Stellt der Medizinische Dienst bei einer Qualitätsprüfung Mängel fest, so erhält der ambulante Pflege-/Betreuungsdienst oder die stationäre Pflegeeinrichtung von der Pflegekasse einen Maßnahmenbescheid.

Darin werden die Beanstandungen aufgeführt und qualitätsverbessernde Maßnahmen eingefordert. Bei vollstationären Pflegeeinrichtungen versendet der Medizinische Dienst den Prüfbericht auch an die zuständige Heimaufsichtsbehörde, die aufsichtsrechtliche Maßnahmen einleiten kann.
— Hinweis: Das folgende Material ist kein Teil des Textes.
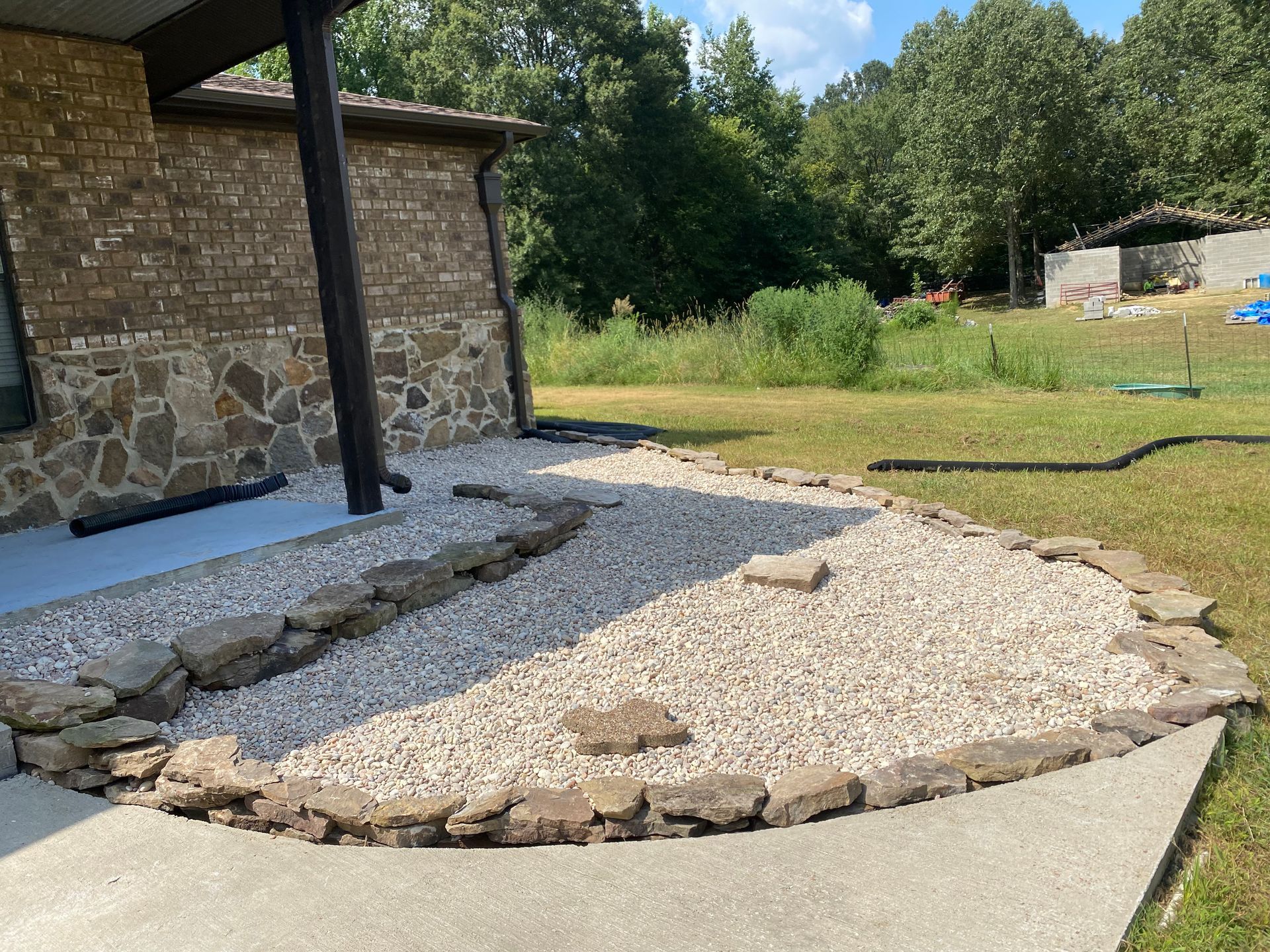 Side view of a building with a stone and brick facade, gravel landscaping, and a concrete walkway bordered by rocks.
Qualitätssicherung der Qualitätsprüfung

Um auch für uns selbst eine hohe Qualität zu garantieren, sind verschiedene Qualitätssicherungsmaßnahmen etabliert. Unsere Instrumente zur Qualitätssicherung bei Qualitätsprüfungen von ambulanten Pflege-/Betreuungsdiensten und stationären Pflegeeinrichtungen:

  1. Übergreifende Audits bei Qualitätsprüfungen
  2. Externe Audits durch Sachverständige
  3. Befragungen der Pflegedienste und -einrichtungen und der Landesverbände der Pflegekassen
  4. Plausibilitätsprüfung der Prüfberichte

Darüber hinaus kann der Medizinische Dienst Baden-Württemberg auf vielfältige interne Qualitätsinstrumente zurückgreifen und entwickelt diese konsequent weiter.